### Input for this task ###

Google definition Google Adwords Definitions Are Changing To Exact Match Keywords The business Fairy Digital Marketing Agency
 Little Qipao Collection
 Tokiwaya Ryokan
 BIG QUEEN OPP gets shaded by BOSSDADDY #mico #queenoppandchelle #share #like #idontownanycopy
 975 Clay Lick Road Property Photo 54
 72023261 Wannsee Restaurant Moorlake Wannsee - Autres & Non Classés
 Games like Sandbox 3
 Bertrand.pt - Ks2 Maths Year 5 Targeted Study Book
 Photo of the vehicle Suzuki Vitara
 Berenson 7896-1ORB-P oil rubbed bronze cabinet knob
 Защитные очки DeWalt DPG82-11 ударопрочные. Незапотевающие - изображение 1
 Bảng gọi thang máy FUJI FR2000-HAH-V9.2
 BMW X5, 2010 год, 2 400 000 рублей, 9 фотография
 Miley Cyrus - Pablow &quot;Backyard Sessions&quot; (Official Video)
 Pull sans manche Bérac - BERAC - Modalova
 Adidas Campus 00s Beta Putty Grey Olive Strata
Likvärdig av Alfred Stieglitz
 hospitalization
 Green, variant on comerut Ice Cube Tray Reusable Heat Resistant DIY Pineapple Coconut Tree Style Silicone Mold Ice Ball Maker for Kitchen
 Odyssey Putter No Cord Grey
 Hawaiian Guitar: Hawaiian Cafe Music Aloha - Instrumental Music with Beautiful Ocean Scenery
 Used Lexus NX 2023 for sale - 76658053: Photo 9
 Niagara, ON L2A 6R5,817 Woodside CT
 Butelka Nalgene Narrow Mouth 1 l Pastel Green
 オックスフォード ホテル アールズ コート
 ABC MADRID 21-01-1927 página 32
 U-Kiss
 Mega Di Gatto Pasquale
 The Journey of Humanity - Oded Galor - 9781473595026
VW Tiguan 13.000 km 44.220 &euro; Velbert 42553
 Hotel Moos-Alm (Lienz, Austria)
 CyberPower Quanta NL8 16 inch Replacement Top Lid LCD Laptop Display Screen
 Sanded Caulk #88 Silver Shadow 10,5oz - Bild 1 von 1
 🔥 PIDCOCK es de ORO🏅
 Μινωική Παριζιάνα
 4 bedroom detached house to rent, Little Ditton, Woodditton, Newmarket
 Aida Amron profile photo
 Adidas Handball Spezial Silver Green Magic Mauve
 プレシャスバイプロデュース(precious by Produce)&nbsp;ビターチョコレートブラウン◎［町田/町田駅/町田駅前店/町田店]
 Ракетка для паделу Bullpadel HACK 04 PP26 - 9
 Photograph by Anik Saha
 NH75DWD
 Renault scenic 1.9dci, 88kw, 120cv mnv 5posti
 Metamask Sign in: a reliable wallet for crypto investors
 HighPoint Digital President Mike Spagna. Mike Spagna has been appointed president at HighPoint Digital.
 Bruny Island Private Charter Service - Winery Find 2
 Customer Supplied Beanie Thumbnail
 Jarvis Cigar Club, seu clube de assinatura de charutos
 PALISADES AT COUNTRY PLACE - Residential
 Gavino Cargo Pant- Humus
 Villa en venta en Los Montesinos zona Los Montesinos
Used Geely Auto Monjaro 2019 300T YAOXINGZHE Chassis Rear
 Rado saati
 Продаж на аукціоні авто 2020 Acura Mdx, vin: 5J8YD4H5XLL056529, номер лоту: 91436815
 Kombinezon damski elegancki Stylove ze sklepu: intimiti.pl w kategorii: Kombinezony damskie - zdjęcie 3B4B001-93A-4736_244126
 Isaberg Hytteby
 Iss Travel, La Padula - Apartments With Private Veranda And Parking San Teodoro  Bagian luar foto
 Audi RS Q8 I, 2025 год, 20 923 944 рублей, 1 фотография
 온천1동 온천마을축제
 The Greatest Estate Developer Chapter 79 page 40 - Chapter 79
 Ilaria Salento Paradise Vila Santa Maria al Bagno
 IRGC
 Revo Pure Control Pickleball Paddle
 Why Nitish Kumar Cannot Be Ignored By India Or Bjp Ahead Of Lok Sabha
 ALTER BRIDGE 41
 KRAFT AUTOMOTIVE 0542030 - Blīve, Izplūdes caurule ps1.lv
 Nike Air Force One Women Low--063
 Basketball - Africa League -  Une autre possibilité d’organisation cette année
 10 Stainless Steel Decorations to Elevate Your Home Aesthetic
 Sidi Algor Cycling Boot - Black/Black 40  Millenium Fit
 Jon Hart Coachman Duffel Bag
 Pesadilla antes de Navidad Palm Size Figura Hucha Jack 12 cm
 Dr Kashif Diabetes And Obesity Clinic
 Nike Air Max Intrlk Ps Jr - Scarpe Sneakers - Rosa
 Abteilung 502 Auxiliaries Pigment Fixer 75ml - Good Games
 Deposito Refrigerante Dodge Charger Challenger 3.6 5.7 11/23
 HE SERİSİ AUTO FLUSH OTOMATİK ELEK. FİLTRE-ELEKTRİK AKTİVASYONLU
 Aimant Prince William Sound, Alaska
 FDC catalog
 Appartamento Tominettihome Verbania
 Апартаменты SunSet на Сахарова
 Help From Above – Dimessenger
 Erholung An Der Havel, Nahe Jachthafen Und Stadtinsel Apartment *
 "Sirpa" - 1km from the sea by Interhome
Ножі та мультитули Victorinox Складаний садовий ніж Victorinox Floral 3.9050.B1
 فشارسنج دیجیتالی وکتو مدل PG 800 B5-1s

###

• Required work: Using the data above, reproduce exactly the lines between those holding "Photograph by Anik Saha" and "Iss Travel, La", inclusive, and no others.

• Result of this exercise:
 Photograph by Anik Saha
 NH75DWD
 Renault scenic 1.9dci, 88kw, 120cv mnv 5posti
 Metamask Sign in: a reliable wallet for crypto investors
 HighPoint Digital President Mike Spagna. Mike Spagna has been appointed president at HighPoint Digital.
 Bruny Island Private Charter Service - Winery Find 2
 Customer Supplied Beanie Thumbnail
 Jarvis Cigar Club, seu clube de assinatura de charutos
 PALISADES AT COUNTRY PLACE - Residential
 Gavino Cargo Pant- Humus
 Villa en venta en Los Montesinos zona Los Montesinos
Used Geely Auto Monjaro 2019 300T YAOXINGZHE Chassis Rear
 Rado saati
 Продаж на аукціоні авто 2020 Acura Mdx, vin: 5J8YD4H5XLL056529, номер лоту: 91436815
 Kombinezon damski elegancki Stylove ze sklepu: intimiti.pl w kategorii: Kombinezony damskie - zdjęcie 3B4B001-93A-4736_244126
 Isaberg Hytteby
 Iss Travel, La Padula - Apartments With Private Veranda And Parking San Teodoro  Bagian luar foto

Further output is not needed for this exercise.